• **PROBLEM DETAILS**
In the listing below, find the line containing "Рыбалка в Приморье." and the line containing "Waterproof Pet Cooling Mat 2", then copy exactly everything from the first through the second, except the pictures.

• **PROVIDED DATA**

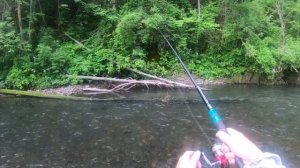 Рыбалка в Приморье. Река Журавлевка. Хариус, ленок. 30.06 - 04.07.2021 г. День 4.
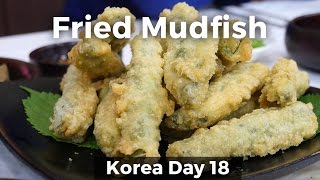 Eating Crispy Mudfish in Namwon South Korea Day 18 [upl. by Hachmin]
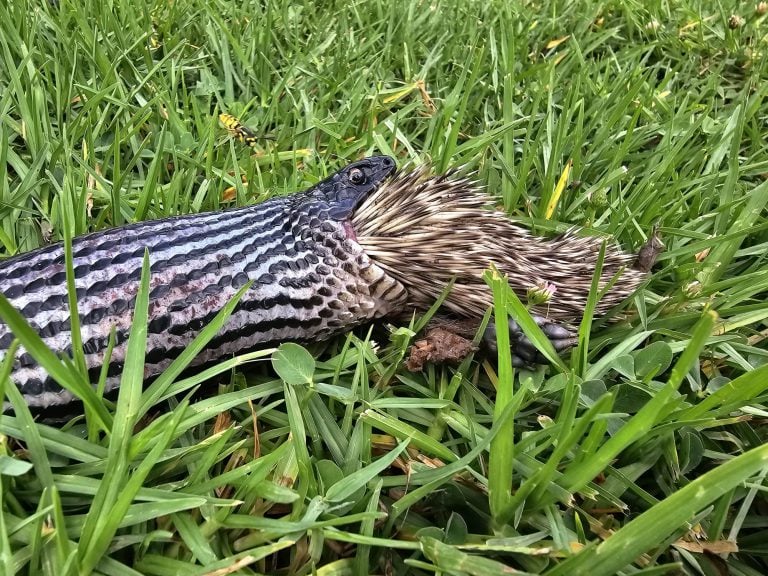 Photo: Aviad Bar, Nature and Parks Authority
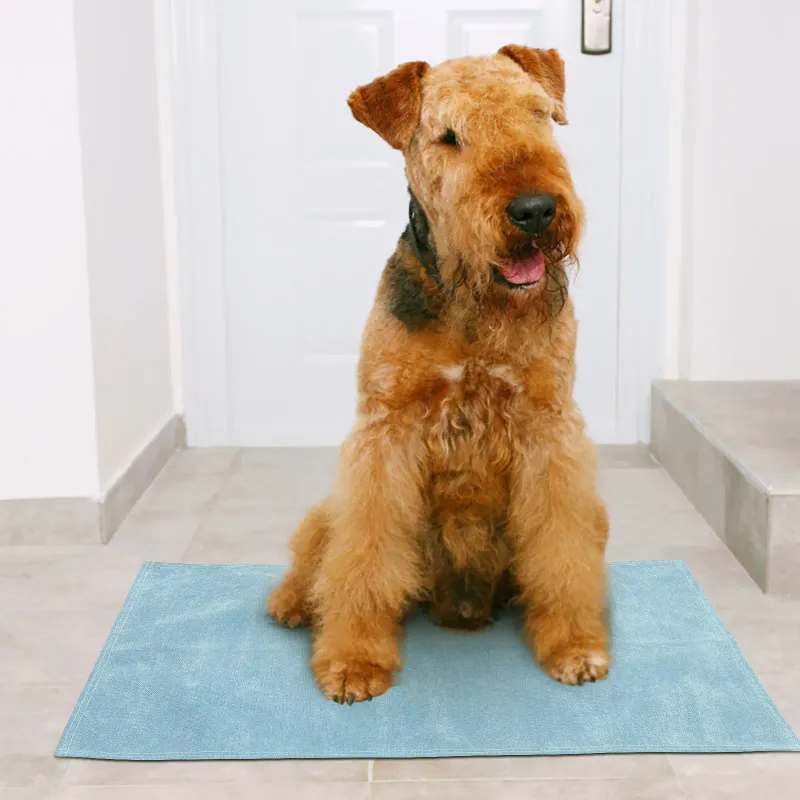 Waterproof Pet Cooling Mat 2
* * *
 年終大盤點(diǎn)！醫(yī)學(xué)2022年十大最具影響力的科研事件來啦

• **EXERCISE RESULT**
 Рыбалка в Приморье. Река Журавлевка. Хариус, ленок. 30.06 - 04.07.2021 г. День 4.
 Eating Crispy Mudfish in Namwon South Korea Day 18 [upl. by Hachmin]
 Photo: Aviad Bar, Nature and Parks Authority
 Waterproof Pet Cooling Mat 2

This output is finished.